ICYDK, the Bangko Sentral ng Pilipinas (BSP; Central Bank of the Philippines) released guidelines on handling the new PHP1000 polymer banknotes, which include keeping them flat and not folding them in half — as one inevitably would when storing them in a folding wallet.
BSP Governor Felipe Medalla realizes this and has asked the public to carry a longer-sized wallet instead, adding that women would not have a hard time because they carry handbags, a remark that clearly did not sit well with people online.
In an interview with One News, Medalla said, “One thing to adjust is to have wallets or purses that prevent it from being totally folded. The wallet must be as long as the bill so that the money wouldn’t need to be folded.”
“It’s easier for women because you have handbags,” he added in Filipino.
The BSP first announced last year that they were shifting banknote production from paper made of local abaca to polymer, at the expense of the country’s abaca industry, as polymer bills are supposedly stronger and more hygienic, an added consideration amid the pandemic, they said.
Yet Medalla warned that the polymer bills, supposedly more secure and durable than abaca bills, could break easily with too much folding.
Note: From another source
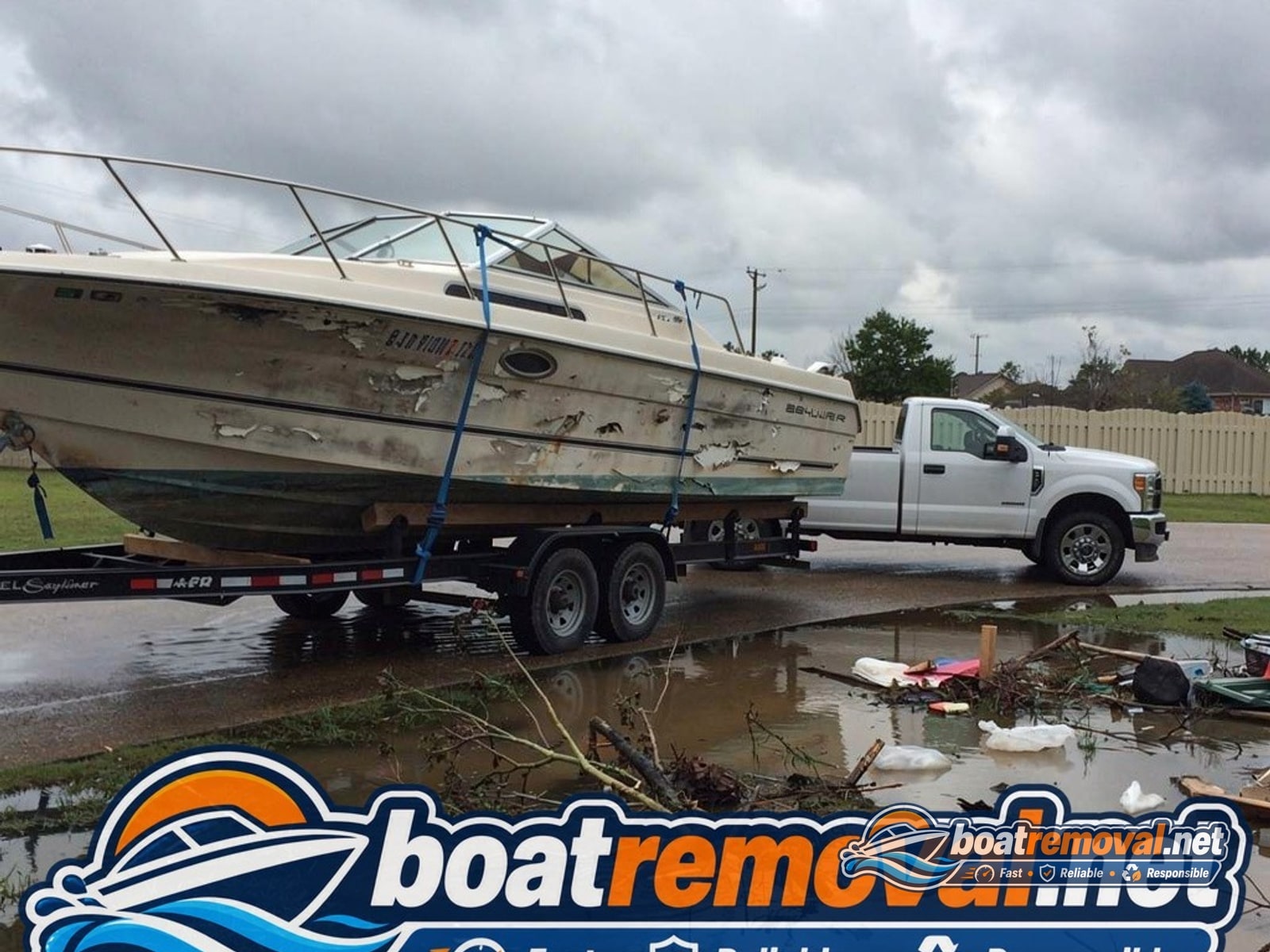 Port Arthur, TX: 32-foot Carver cabin cruiser loaded for removal Cut sections of a storm-damaged cabin cruiser loaded onto a flatbed trailer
The new guidelines from the BSP have raised concerns among netizens, who argued that handling the new polymer banknotes required more care than the traditional paper bills.
Not to say that we should disrespect our banknote, but we all know that folding bills back home is common practice and it's been working for us with abaca-made bills. If it's not broken, don't fix it.
— Prinz Magtulis 프린즈 (@prinzmagtulis) June 25, 2022
Aren't polymer bank notes supposed to be more sturdy than the paper bills they were meant to replace? https://t.co/qqKsQr6s4F
— Unlawyer (@unlawyer) June 26, 2022
Isn't the justification given by #dioknoIsAnIdiot is that the polymer notes will be more durable? Why ask the people to be more careful in handling the new notes?#dioknoIsAnIdiot is the only BSP gov that has ordered the printing/minting of our money in record amounts. Kumisyon? https://t.co/2o9oL8OyGG
— I Dissent!!!! (@serrano_rene) June 27, 2022
“Does he really think most laborers use wallets?” One user asked.
“Tell that to the market vendors, jeepney and tricycle drivers, and bus conductors,” another said.
And with Medalla singling out women and assuming that all women carry handbags, a chorus of netizens replied with, “sexist much?”
I can't tell whatever that comment is sexist or ignorant or both. I thought the idea behind using polymer is to make the notes more sturdy. Tapos ngayon bawal tupiin. Also, hindi po ba lahat ng babae ay mahilig mag handbag at may malaking wallet.
— CrisV (@888cv) June 26, 2022
“Mas madali yan sa babae kasi may handbag kayo.” tse andaming mali sa buhay mo
(@paganfoxx) June 26, 2022
insensitivity by placing the burden on the masses tapos may twinge of sexism pa? pick a struggle https://t.co/zMVzII5GFX
— kent sorgon, he/his (rage era) (@kntsrgn) June 27, 2022
What an assumption that it’s easier for women because they have handbags. Gender issue here. And that people use wallets or that all people work clean jobs that do not subject cash to water, soil, friction etc. https://t.co/Y4sP3VK4Hc
— Chef Justice (@1giney) June 26, 2022
The added sexism is the icing on the cake
— J.P. Mercado
(@jprmercado) June 26, 2022
“What an assumption that it’s easier for women because they have handbags. Gender issue here. And that people use wallets or that all people work clean jobs that do not subject cash to water, soil, friction,” one user said.
“The added sexism is the icing on the cake,” another said.
Last year, the BSP revealed their plans to test polymer on P1,000 bills on a limited basis in early 2022.